Task brief: Please repeat exactly the lines from the one containing "30db kooa bambusz" through the last line of the records below, both included, and leave out any pictures.

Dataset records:
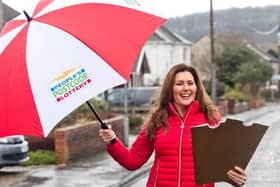 Peoples Postcode Lottery ambassador Judie McCourt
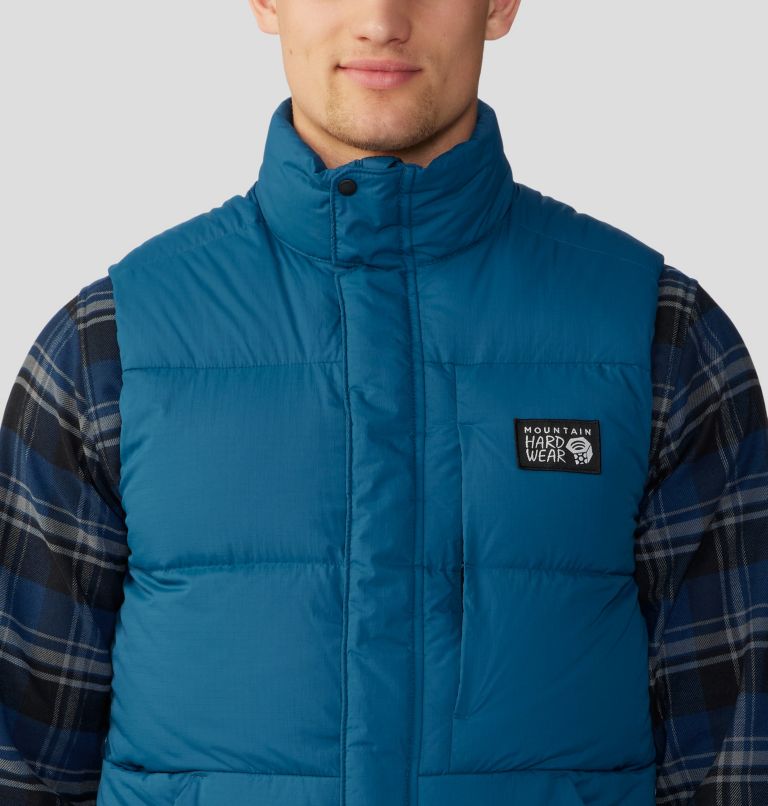 Mountain hardwear men's down hot sale vest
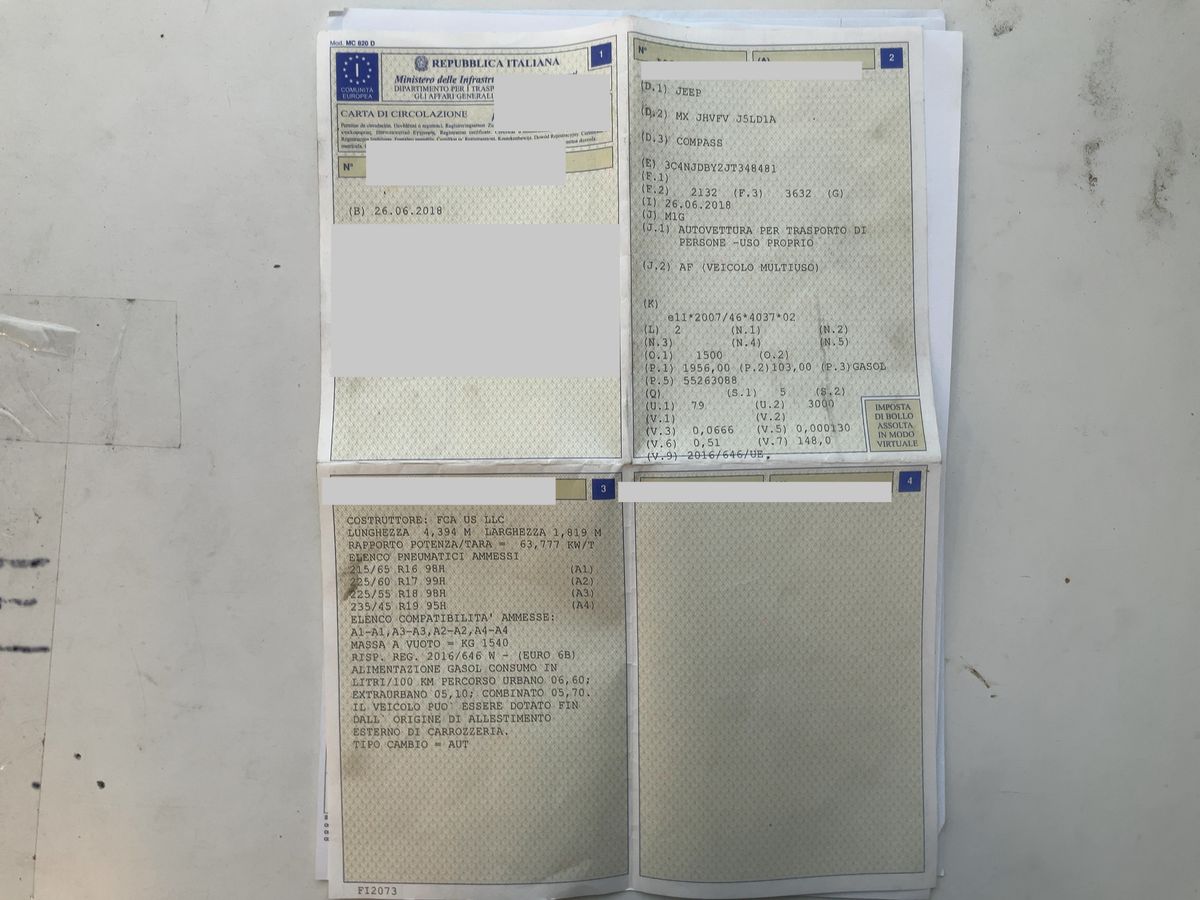 Jeep Compass d'occasion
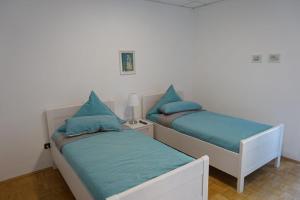 Un ou plusieurs lits dans un hébergement de l'établissement Ferienwohnung Branka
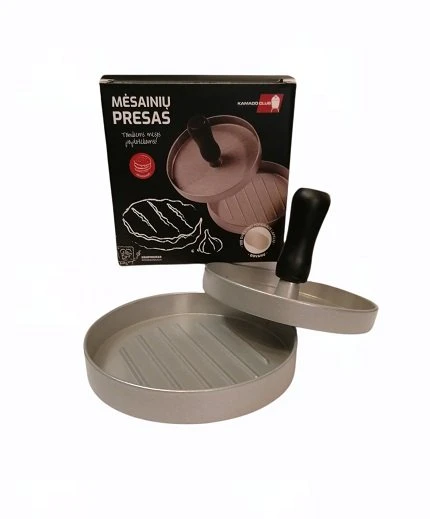 Kamado Club Mėsainių presas KamadoClub aprašymas - Prekės nuotrauka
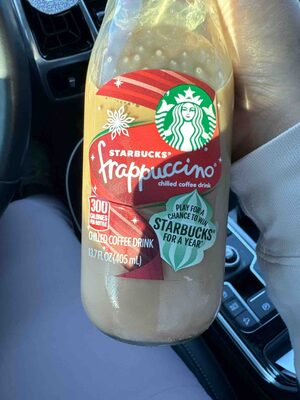Starbucks Frappuccino Peppermint Mocha 13.7oz Btl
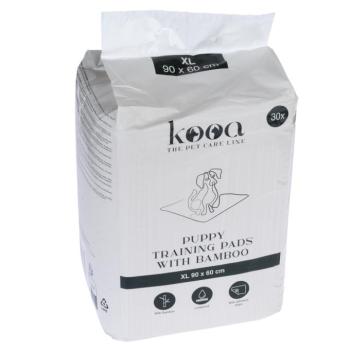 30db kooa bambusz 30db betét szobatisztaságra neveléshez kutyáknak -X-Large kép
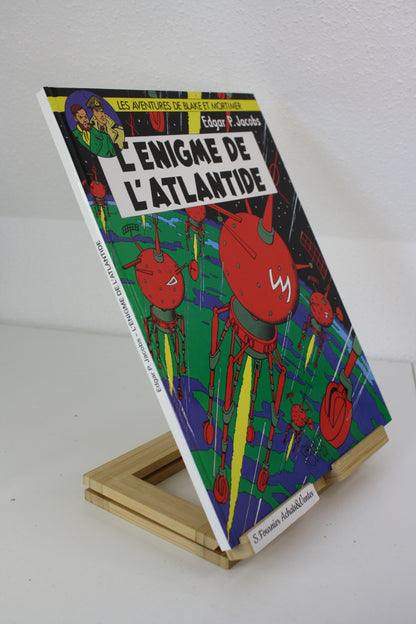 L’énigme de l’Atlantide – Blake et Mortimer – Edgar P.Jacobs – Edition Blake et Mortimer – Publicitaire – 1998 - Esso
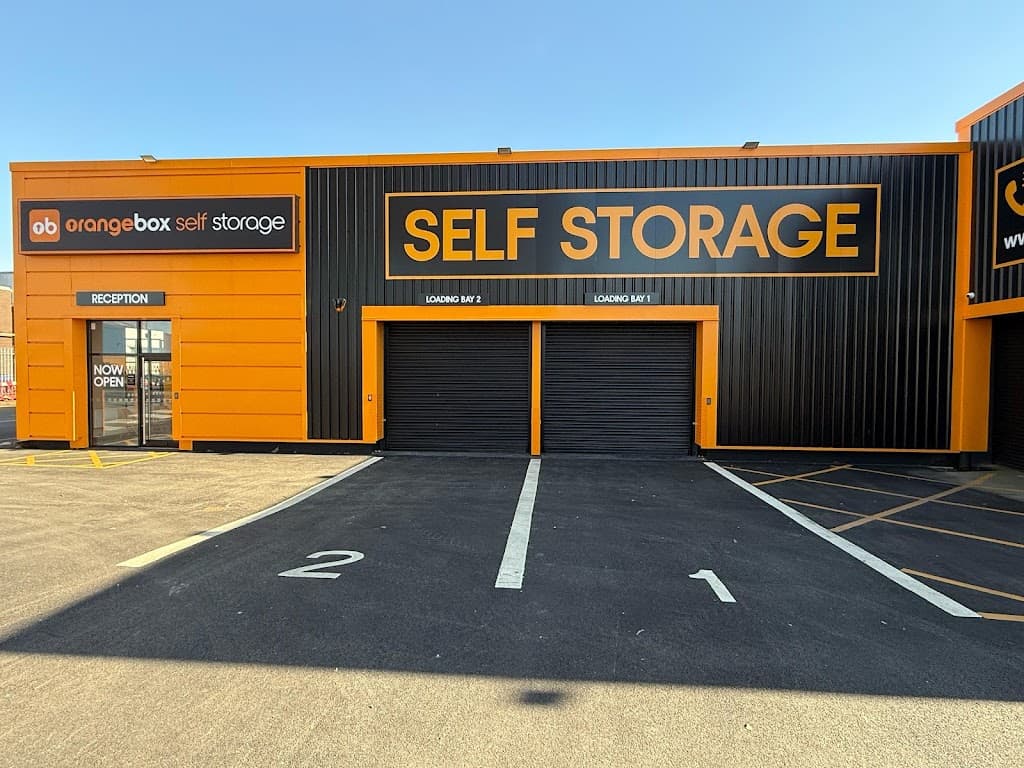 Orange Box Self Storage in Derby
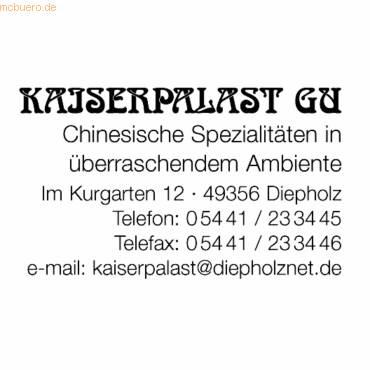 trodat Textstempel Professional 4.0 5200, 6-zeilig (62515249)-1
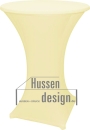 Stehtischhusse Tokio creme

Problem solution:
 30db kooa bambusz 30db betét szobatisztaságra neveléshez kutyáknak -X-Large kép
 L’énigme de l’Atlantide – Blake et Mortimer – Edgar P.Jacobs – Edition Blake et Mortimer – Publicitaire – 1998 - Esso
 Orange Box Self Storage in Derby
 trodat Textstempel Professional 4.0 5200, 6-zeilig (62515249)-1
 Stehtischhusse Tokio creme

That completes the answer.